### Task objective
The result should be a word-for-word retyping of the entries below, free of pictures.

(Image-text web data)

*** Block opens ***

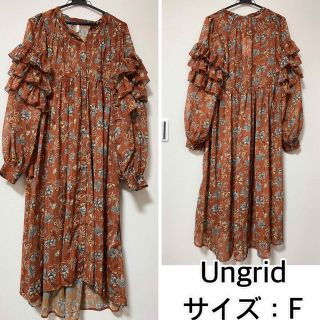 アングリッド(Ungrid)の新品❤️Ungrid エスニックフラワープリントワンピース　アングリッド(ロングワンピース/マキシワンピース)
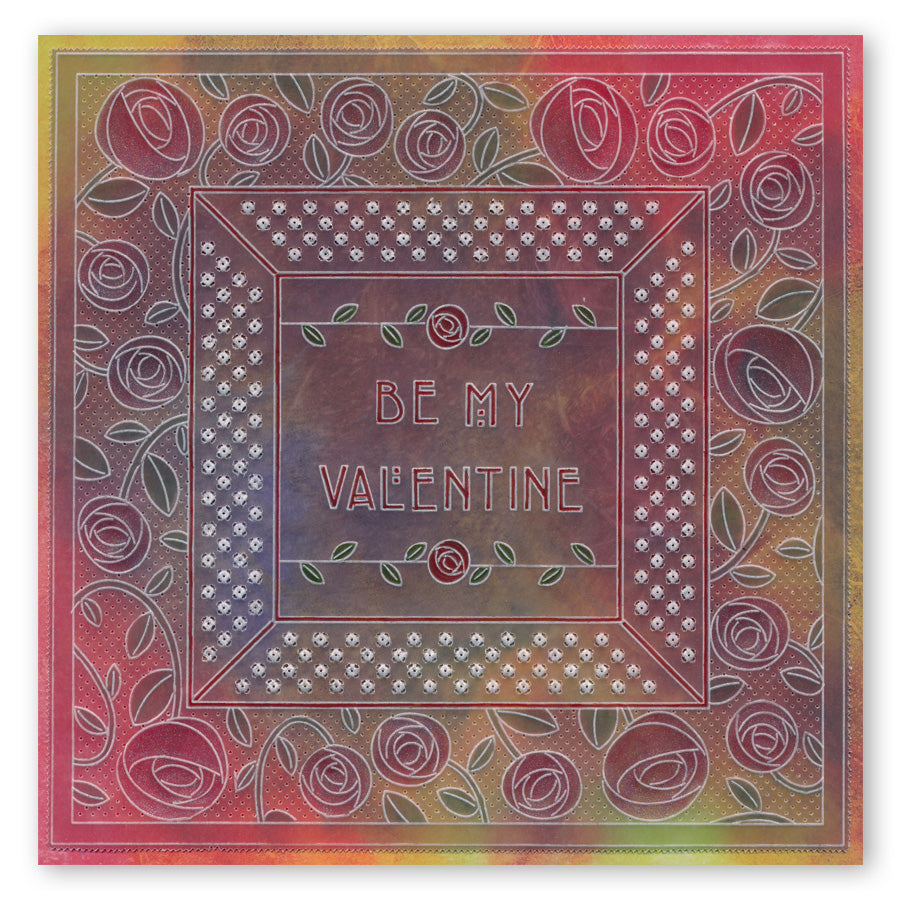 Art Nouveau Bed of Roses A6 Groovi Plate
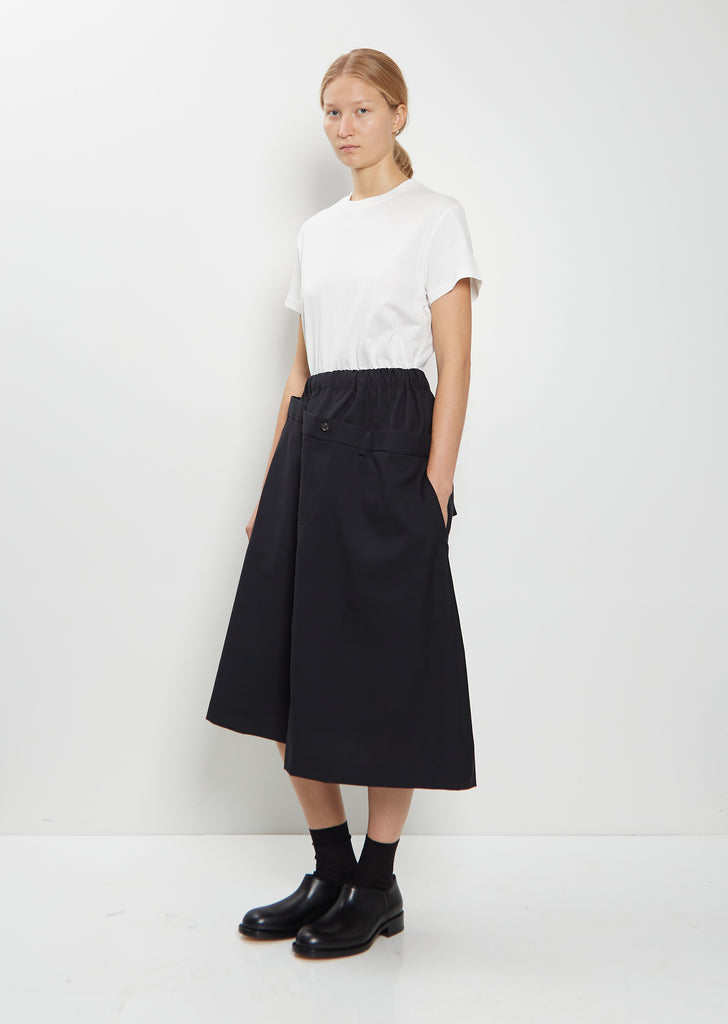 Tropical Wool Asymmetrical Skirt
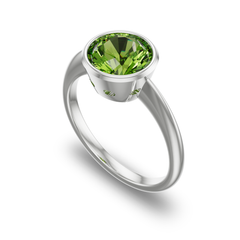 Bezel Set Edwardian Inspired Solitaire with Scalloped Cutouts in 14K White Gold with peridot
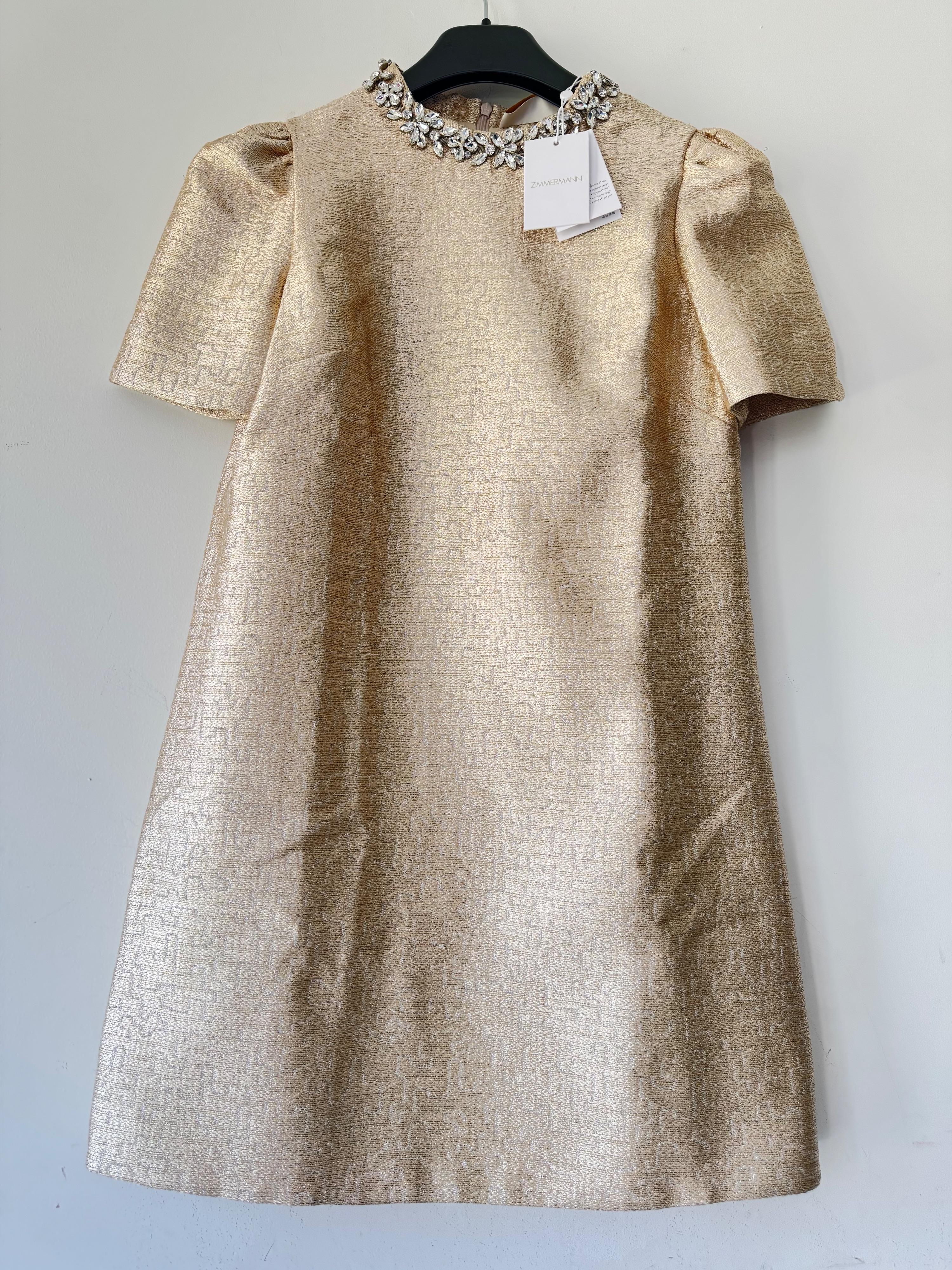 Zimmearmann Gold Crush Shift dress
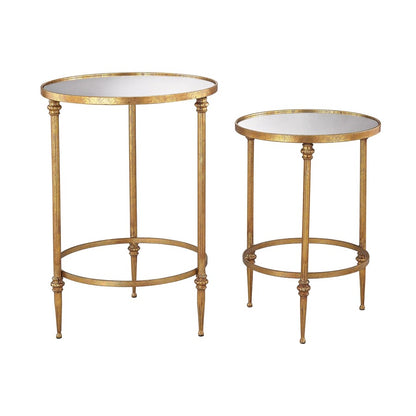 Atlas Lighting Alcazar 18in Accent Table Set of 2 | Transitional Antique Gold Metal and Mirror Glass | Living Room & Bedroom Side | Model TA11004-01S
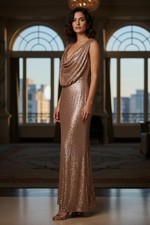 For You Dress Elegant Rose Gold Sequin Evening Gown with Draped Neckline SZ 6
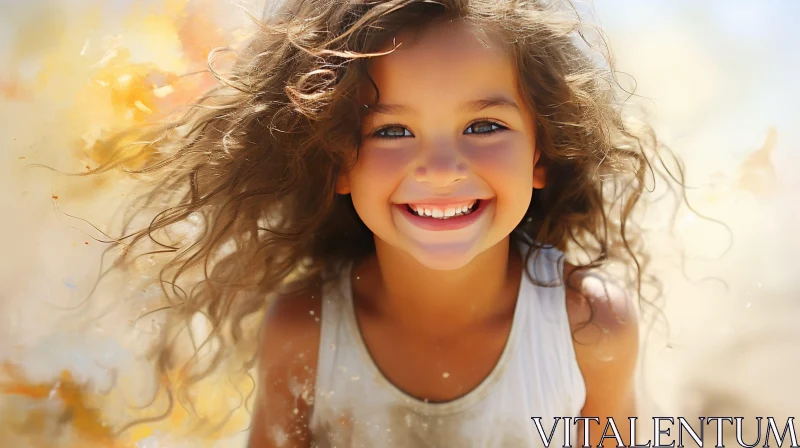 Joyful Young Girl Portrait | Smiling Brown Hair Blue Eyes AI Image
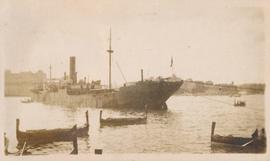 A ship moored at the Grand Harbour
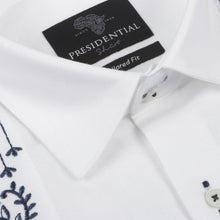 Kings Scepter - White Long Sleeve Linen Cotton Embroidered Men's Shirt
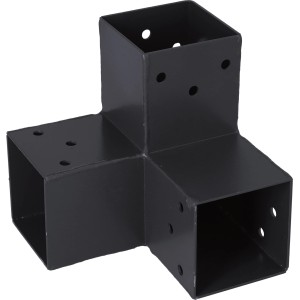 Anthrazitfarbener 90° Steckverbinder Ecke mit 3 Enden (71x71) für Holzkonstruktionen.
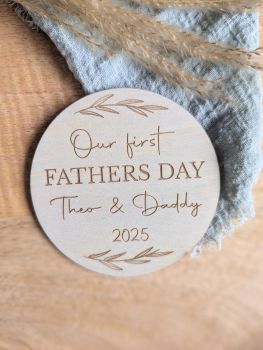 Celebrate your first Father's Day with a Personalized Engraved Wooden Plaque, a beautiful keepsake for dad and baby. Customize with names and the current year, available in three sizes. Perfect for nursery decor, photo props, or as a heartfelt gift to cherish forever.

*** Block closes ***

### Answer space
 アングリッド(Ungrid)の新品❤️Ungrid エスニックフラワープリントワンピース　アングリッド(ロングワンピース/マキシワンピース)
 Art Nouveau Bed of Roses A6 Groovi Plate
 Tropical Wool Asymmetrical Skirt
 Bezel Set Edwardian Inspired Solitaire with Scalloped Cutouts in 14K White Gold with peridot
 Zimmearmann Gold Crush Shift dress
 Atlas Lighting Alcazar 18in Accent Table Set of 2 | Transitional Antique Gold Metal and Mirror Glass | Living Room & Bedroom Side | Model TA11004-01S
 For You Dress Elegant Rose Gold Sequin Evening Gown with Draped Neckline SZ 6
 Joyful Young Girl Portrait | Smiling Brown Hair Blue Eyes AI Image
 A ship moored at the Grand Harbour
 Kings Scepter - White Long Sleeve Linen Cotton Embroidered Men's Shirt
 Anthrazitfarbener 90° Steckverbinder Ecke mit 3 Enden (71x71) für Holzkonstruktionen.
 Celebrate your first Father's Day with a Personalized Engraved Wooden Plaque, a beautiful keepsake for dad and baby. Customize with names and the current year, available in three sizes. Perfect for nursery decor, photo props, or as a heartfelt gift to cherish forever.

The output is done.